§ Work item:
From the line that holds "The company of" to the end of the records, reproduce every line exactly. No pictures.

[[ Entries supplied open ]]

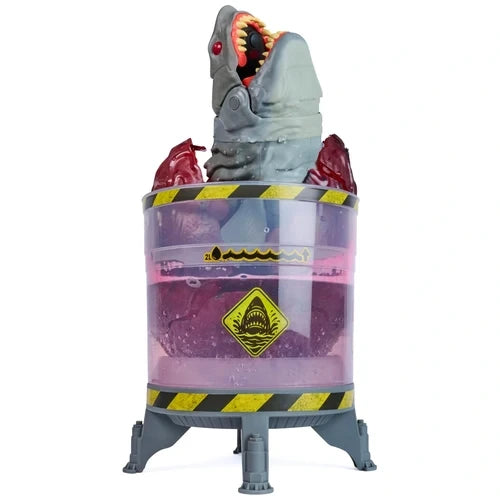 Grey Primal Hatch Megalodon shark emerging upright from a transparent purple hatching tank, with its jaws open, red eye visible and red egg shell pieces surrounding its body.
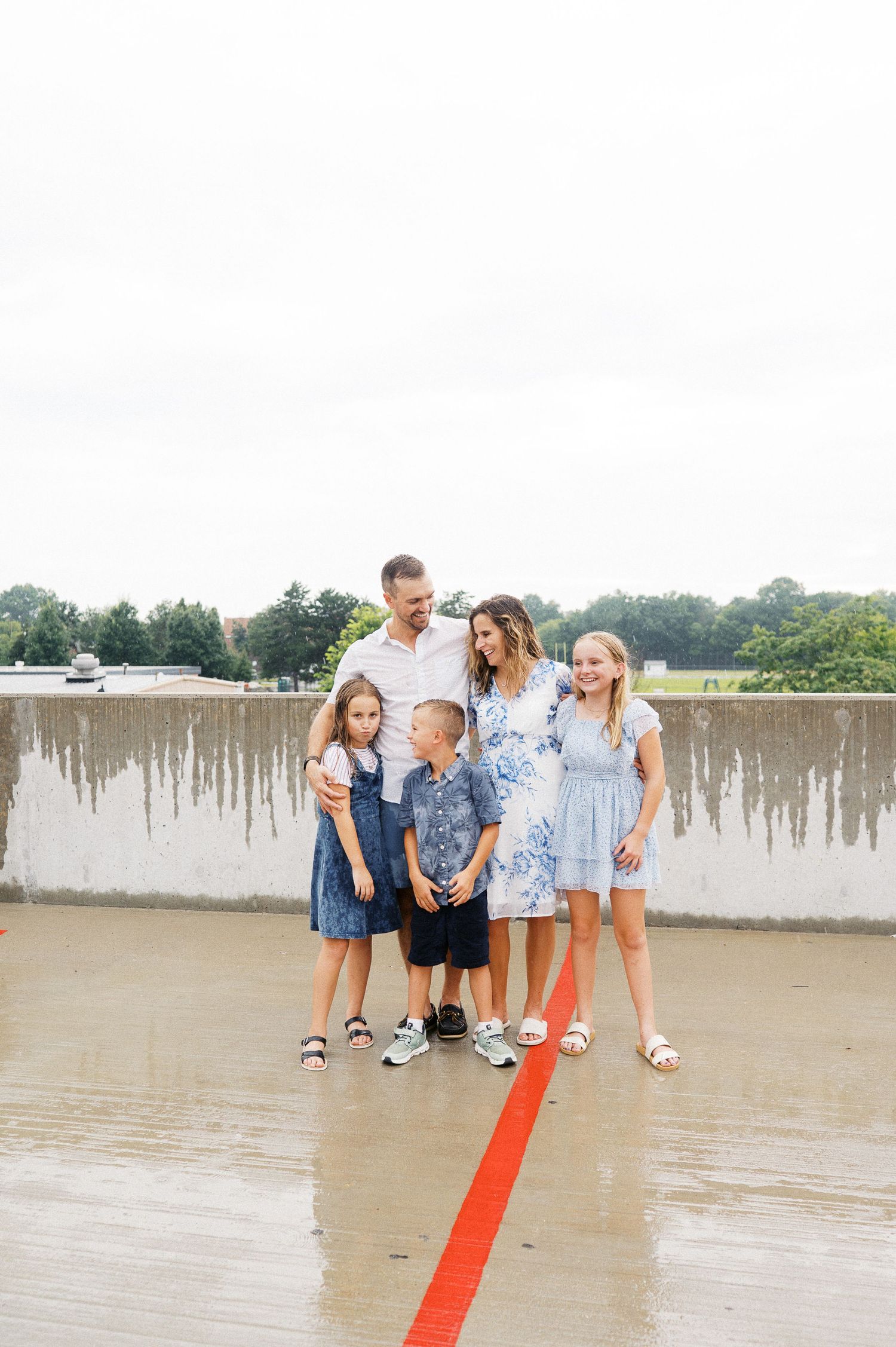 A family walks together on an orange line painted across a wet parking deck surface in warm summer weather.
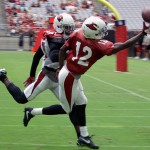 John Brown tries to come down with the ball in the end zone as Patrick Peterson defends during training camp on July 31. (Photo by Adam Green/Arizona Sports)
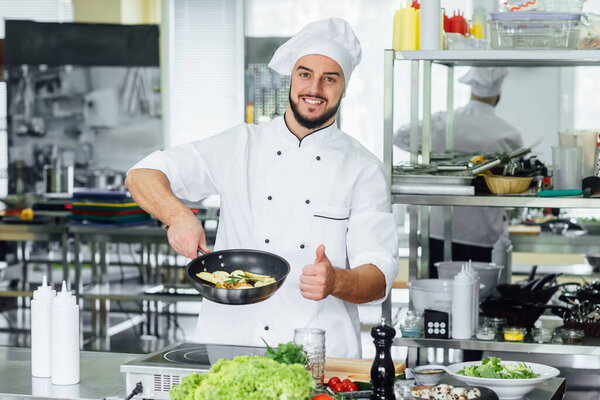 Young, bearded and successful smiling male, cook chef garnishing food in kitchen, okay sign.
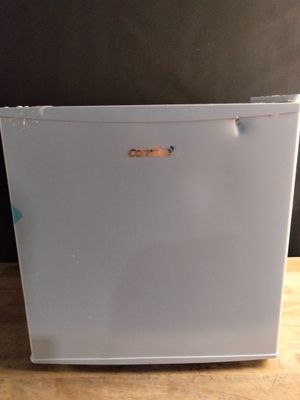 un petit réfrigérateur blanc posé sur une table en bois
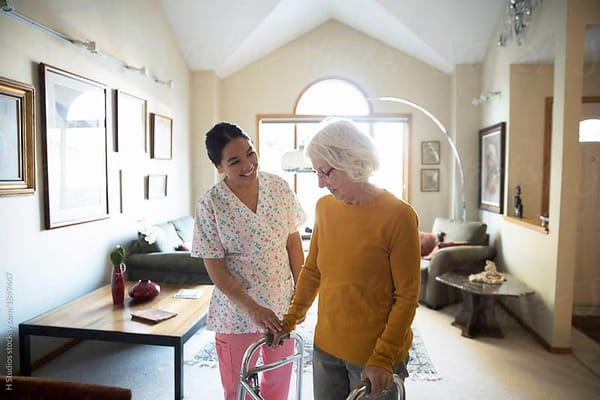 Caregiver assisting a resident in a bright living room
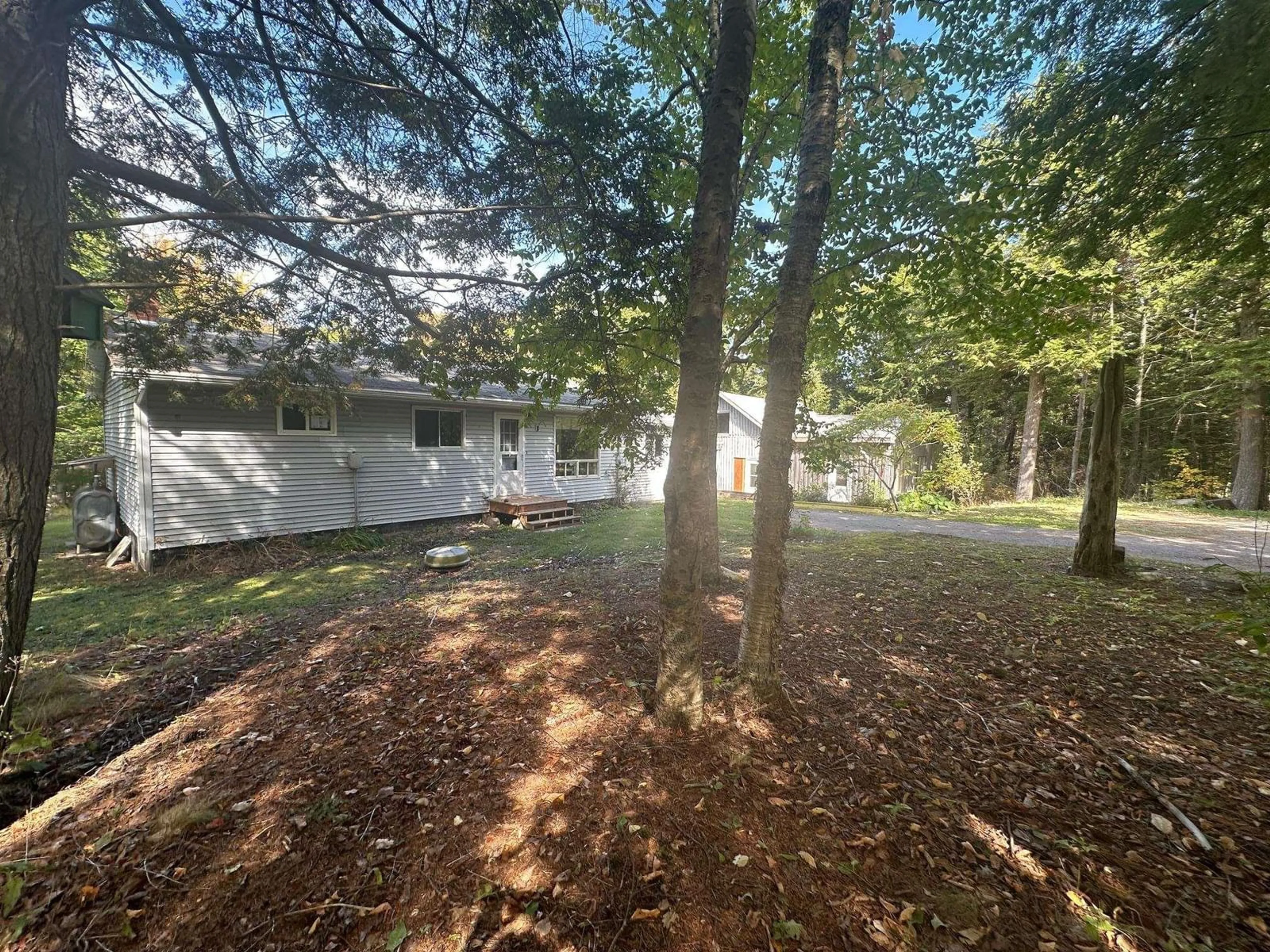 Frontside or backside of a home, the fenced backyard for 31 Thorburn Rd, Greenwood Nova Scotia B0K 1W0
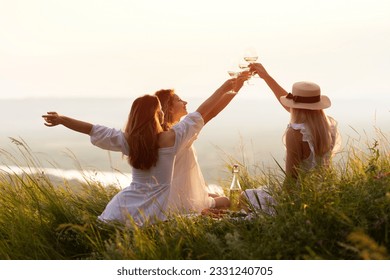 The company of female friends enjoys a summer picnic and raise glasses with wine. Happy women in the park in evening sunlight. The lights of a sun.  - Powered by Shutterstock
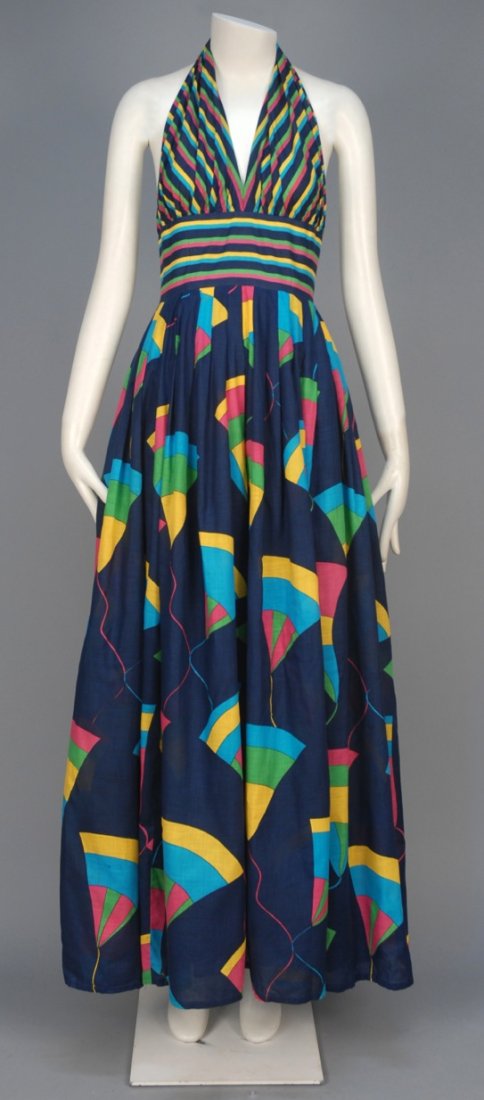 JEAN PATOU PARIS PRINTED COTTON HALTER DRESS, 1970s.: Polychrome print on navy ground having striped halter with wide waistband and full pleated skirt with abstract print, satin underskirt. Labeled. B-36, W-26, L-58. (Needs cleaning) otherwise excellent.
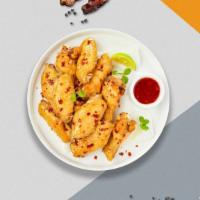 Just Chili Mango Wings · Fresh chicken wings breaded, fried until golden brown, and tossed in our mango chili sauce. ...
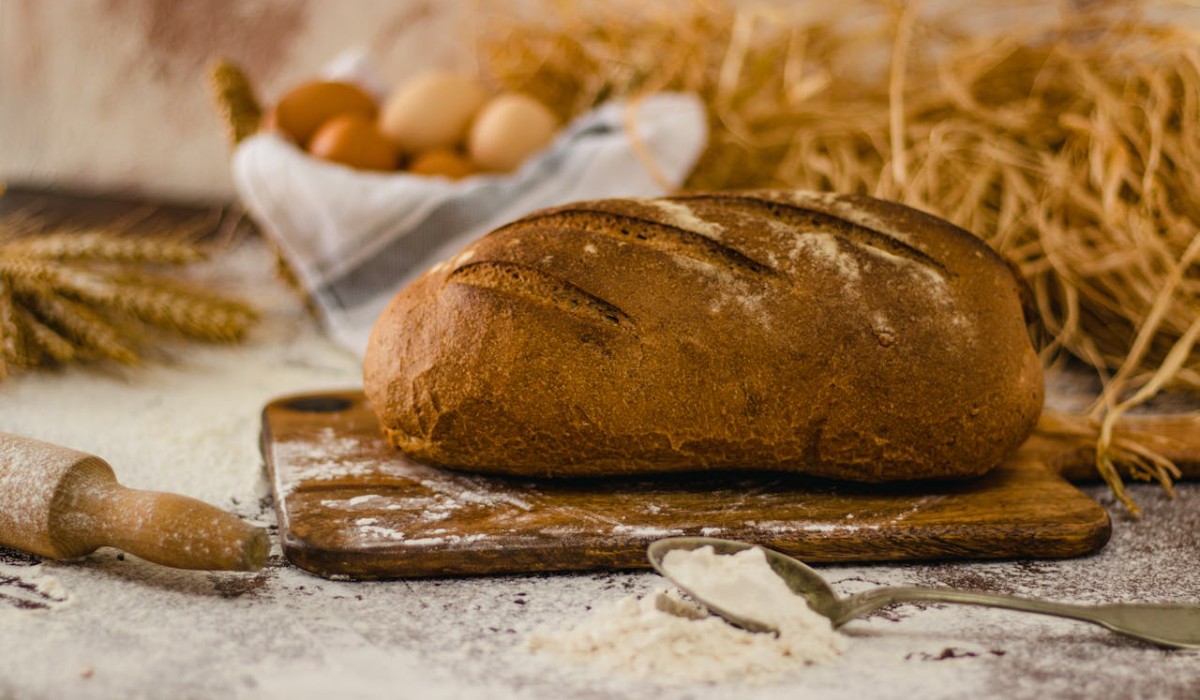Rustic Bread Loaf on Wooden Cutting Board Low FODMAP Bread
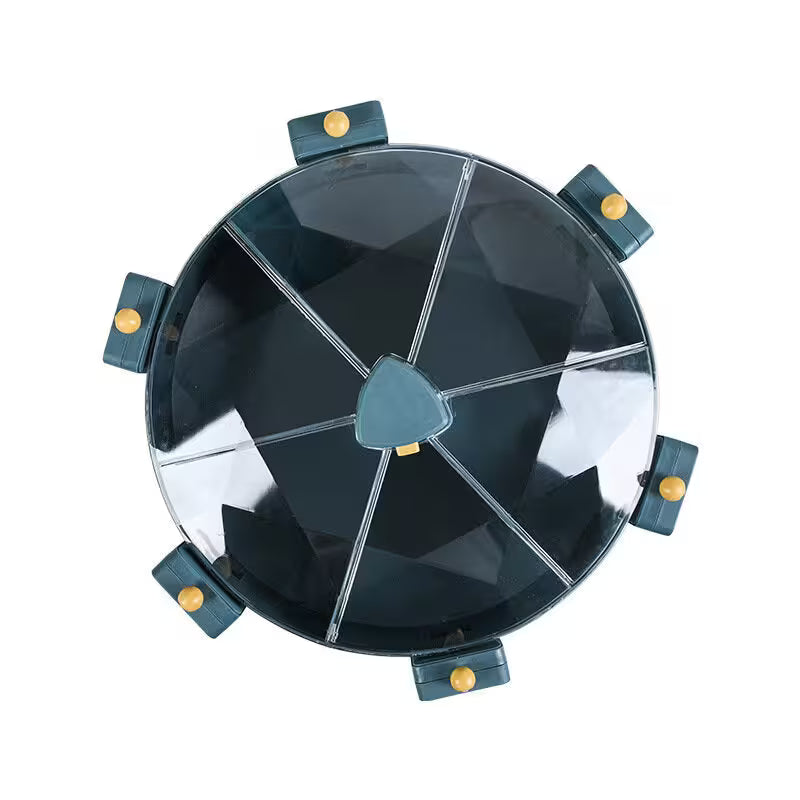 Round black object with metallic accents on a white background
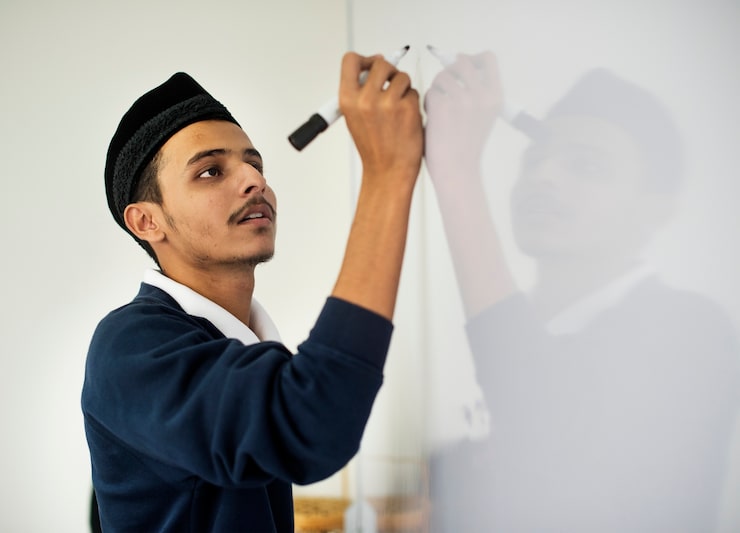Photo Gratis pria muslim muda sedang menulis di papan tulis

[[ Entries supplied closed ]]

§ Response box:
 The company of female friends enjoys a summer picnic and raise glasses with wine. Happy women in the park in evening sunlight. The lights of a sun.  - Powered by Shutterstock
 JEAN PATOU PARIS PRINTED COTTON HALTER DRESS, 1970s.: Polychrome print on navy ground having striped halter with wide waistband and full pleated skirt with abstract print, satin underskirt. Labeled. B-36, W-26, L-58. (Needs cleaning) otherwise excellent.
 Just Chili Mango Wings · Fresh chicken wings breaded, fried until golden brown, and tossed in our mango chili sauce. ...
Rustic Bread Loaf on Wooden Cutting Board Low FODMAP Bread
 Round black object with metallic accents on a white background
Photo Gratis pria muslim muda sedang menulis di papan tulis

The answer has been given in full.